Dentro deste contexto, o professor e brilhante neurologista francês Jean-Martin Charcot iniciava seus estudos sobre a doença, que iriam ser futuramente aprimorados por seu mais famoso aluno: Sigmund Freud, culminando no desenvolvimento da psicanálise. Mas é justamente em um dos casos do mestre menos famoso (mas igualmente importante) e não no ilustre discípulo que se concentra “Augustine”, produção francesa dirigida e roteirizada pela estreante Alice Winocour.

Carregando o nome da protagonista, o longa se concentra na condição de Augustine Gleizes e em sua relação com Charcot (Soko e Vincent Lindon, respectivamente). Copeira, analfabeta e de origem camponesa, aos 19 anos ela tem sua primeira grande crise histérica na casa em que trabalhava. Retratada de maneira crua e impactante, como se fôssemos testemunhas, acompanhamos suas convulsões de um ângulo superior na cena onde os sons diegéticos de seus gemidos e do debater de seu corpo são valorizados.

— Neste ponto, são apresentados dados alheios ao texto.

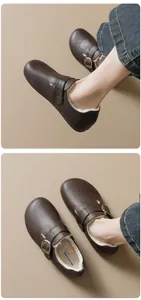 Détail de la doublure en peau de mouton synthétique et du cuir mat marron à boucle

Aliás, o trabalho de som do filme torna-se interessante em alguns pontos, destacando-se ainda nesta mesma sequência os momentos que antecedem a crise, quando, carregando uma bandeja com mãos trêmulas, a personagem principal provoca o som dos copos e pratos trepidando sobre a prata que, mixado de maneira engenhosa, provocavam tensão ao evocar o ruir de uma estrutura, no caso, a própria mente. Além disso, a mixagem contribui para anteceder cada colapso de maneira mais imersa, alternando entre um volume considerável, mesmo para sons muito discretos e um curto período abafado dando sensação de instabilidade.

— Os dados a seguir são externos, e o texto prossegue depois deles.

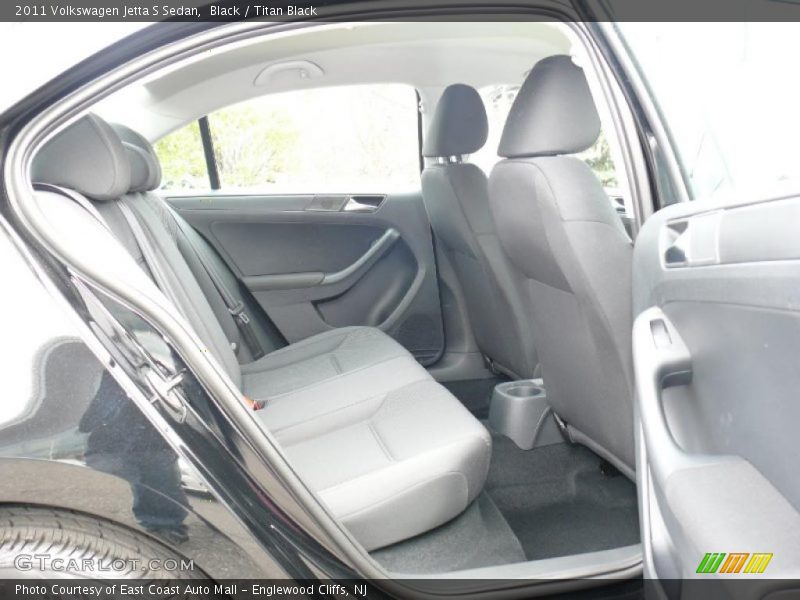 Black / Titan Black 2011 Volkswagen Jetta S Sedan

Após tal crise, Augustine apresenta sequelas, como a falta de sensibilidade e o fechamento do olho direito, e é encaminhada para o hospital Salpêtriére. Repleto de casos de histeria, a princípio sem solução, a jovem passa seus dias esperando uma prometida cura, até que ganha atenção do severo Jean Charcot, principal pesquisador do hospital. Um ambiente opressor, o hospital é representado em uma fotografia escura e granulada, que prioriza planos mais fechados e tomadas internas.  Tais escolhas simbólicas  são representativos da posição submissa do paciente em sua relação com o médico e da próprio status social da mulher no período, reforçados ainda pela montagem ao incluir como criativo recurso de elipse temporal uma série de mulheres relatando seus sintomas e experiências, ratificando a ideia constante de sua perspectiva como espécime.

E de submissão regida pelo conhecimento até uma quase dependência, passa a relação do doutor com sua paciente, a última ávida por uma solução enquanto o primeiro enxerga nela uma possibilidade de maior reconhecimento e financiamento para o desenvolvimento de suas pesquisas. Em grandes atuações, sem longos diálogos, mas cheios de pequenos movimentos ou discretos olhares, Lindon encarna um homem austero e obsessivo por estudos, enquanto a cantora pop Soko sutilmente interpreta as nuances de uma jovem reprimida que aos poucos cria consciência do meio em que se insere e de sua ligação com o cientista.

Entretanto, é justamente em seu foco que o longa encontra sua fraqueza. O desenvolvimento da interação entre os personagens não convence se analisado durante toda a progressão narrativa. Sim, há ali uma tensão sexual presente, mas trabalhada em poucas cenas, como a de um momento de descontração com um macaco, que leva a um final abrupto e artificial, onde paira no ar a sensação de que não houve tempo suficiente para a resolução plena do problema que impulsiona a trama. O desfecho ainda conta com metáforas gastas como a inserção da cor vermelha no figurino vestido por Soko e sua relação com menstruação, adolescência e os impulsos sexuais da fase.

Mesmo ao pecar em uma abordagem insuficientemente esclarecedora sobre a evolução e destino de suas principais personagens, “Augustine” ainda é um bom filme de estreia para a diretora Alice Winocour, que se mostra bastante equilibrada. Surpreendendo pelas ótimas atuações e por uma fotografia e som que marcam sua contribuição, a narrativa retoma de maneira parecida a temática já visitada em “Um Método Perigoso” de David Cronenberg.